WHAT YOU HAVE TO DO
Could you print exactly the lines of the listing below, starting at the line that has "Figura 3.7 - Gráfico" and ending at the line that has "발전소설비의 안전정비시스템", and only those lines?

Segment Start: DATA SHOWN

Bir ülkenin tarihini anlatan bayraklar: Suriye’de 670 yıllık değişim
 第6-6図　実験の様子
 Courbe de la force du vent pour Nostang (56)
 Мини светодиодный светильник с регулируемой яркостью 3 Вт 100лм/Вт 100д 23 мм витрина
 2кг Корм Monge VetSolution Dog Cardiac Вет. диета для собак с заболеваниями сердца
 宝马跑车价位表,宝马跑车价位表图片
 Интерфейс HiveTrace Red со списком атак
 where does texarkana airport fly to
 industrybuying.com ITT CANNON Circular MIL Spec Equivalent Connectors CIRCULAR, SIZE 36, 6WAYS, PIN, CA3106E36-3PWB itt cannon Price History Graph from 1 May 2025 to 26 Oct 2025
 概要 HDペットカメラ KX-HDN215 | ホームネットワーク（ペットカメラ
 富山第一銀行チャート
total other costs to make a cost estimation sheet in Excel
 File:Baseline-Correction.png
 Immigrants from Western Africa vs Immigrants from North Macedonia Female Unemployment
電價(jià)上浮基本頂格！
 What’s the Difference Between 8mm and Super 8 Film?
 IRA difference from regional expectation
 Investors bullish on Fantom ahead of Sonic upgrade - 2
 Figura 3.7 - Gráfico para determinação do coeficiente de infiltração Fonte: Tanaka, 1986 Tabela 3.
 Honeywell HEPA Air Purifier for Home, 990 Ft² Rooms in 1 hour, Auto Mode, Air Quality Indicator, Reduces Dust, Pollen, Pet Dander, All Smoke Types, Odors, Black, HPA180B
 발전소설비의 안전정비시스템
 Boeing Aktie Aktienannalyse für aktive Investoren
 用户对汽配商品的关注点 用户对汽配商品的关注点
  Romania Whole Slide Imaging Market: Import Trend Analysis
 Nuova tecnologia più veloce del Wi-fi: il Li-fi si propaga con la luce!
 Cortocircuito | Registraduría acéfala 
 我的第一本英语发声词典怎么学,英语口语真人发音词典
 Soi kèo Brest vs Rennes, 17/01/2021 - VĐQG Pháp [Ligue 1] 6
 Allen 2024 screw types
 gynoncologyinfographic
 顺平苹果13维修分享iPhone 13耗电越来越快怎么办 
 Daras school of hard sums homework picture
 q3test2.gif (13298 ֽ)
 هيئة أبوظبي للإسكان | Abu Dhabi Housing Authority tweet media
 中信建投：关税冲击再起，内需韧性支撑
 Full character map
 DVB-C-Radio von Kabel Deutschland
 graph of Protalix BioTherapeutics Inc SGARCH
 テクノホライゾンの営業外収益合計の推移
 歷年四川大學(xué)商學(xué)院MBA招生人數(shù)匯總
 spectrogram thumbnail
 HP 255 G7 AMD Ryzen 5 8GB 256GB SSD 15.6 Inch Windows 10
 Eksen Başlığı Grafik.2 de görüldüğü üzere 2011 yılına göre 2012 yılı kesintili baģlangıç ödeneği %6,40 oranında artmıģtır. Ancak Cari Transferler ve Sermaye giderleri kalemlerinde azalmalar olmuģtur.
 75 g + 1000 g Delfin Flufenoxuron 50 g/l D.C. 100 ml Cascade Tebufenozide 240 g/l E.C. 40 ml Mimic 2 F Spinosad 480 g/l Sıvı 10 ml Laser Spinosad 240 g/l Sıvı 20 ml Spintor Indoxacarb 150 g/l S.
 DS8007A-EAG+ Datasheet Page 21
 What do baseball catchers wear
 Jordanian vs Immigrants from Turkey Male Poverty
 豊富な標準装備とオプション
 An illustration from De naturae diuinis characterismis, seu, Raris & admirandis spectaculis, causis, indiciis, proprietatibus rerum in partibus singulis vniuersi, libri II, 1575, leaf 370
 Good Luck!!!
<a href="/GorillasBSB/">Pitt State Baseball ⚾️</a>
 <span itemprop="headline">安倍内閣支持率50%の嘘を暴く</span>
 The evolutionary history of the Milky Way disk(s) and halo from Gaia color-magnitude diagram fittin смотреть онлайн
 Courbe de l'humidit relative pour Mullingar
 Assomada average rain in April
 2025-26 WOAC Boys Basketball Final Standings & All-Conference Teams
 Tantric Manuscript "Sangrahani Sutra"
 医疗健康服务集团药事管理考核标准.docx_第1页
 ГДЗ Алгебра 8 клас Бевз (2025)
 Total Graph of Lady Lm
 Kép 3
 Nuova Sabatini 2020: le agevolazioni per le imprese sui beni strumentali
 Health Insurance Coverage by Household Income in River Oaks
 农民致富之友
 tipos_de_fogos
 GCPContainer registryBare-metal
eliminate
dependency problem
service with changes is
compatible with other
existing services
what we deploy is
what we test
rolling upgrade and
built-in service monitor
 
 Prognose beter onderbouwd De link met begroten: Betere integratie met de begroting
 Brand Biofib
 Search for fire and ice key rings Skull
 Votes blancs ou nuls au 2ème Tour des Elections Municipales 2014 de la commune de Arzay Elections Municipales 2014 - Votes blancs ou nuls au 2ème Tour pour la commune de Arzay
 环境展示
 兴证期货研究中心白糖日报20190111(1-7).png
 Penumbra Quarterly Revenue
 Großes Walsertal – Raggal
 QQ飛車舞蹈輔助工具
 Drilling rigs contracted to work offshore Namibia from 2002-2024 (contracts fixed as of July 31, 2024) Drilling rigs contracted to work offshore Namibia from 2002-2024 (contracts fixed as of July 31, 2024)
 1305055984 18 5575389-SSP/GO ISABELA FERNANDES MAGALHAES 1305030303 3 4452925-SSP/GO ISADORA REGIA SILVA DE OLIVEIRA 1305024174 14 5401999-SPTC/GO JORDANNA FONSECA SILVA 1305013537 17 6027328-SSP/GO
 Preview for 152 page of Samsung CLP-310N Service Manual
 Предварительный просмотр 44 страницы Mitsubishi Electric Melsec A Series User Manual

Segment End: DATA SHOWN

WRITTEN ANSWER
 Figura 3.7 - Gráfico para determinação do coeficiente de infiltração Fonte: Tanaka, 1986 Tabela 3.
 Honeywell HEPA Air Purifier for Home, 990 Ft² Rooms in 1 hour, Auto Mode, Air Quality Indicator, Reduces Dust, Pollen, Pet Dander, All Smoke Types, Odors, Black, HPA180B
 발전소설비의 안전정비시스템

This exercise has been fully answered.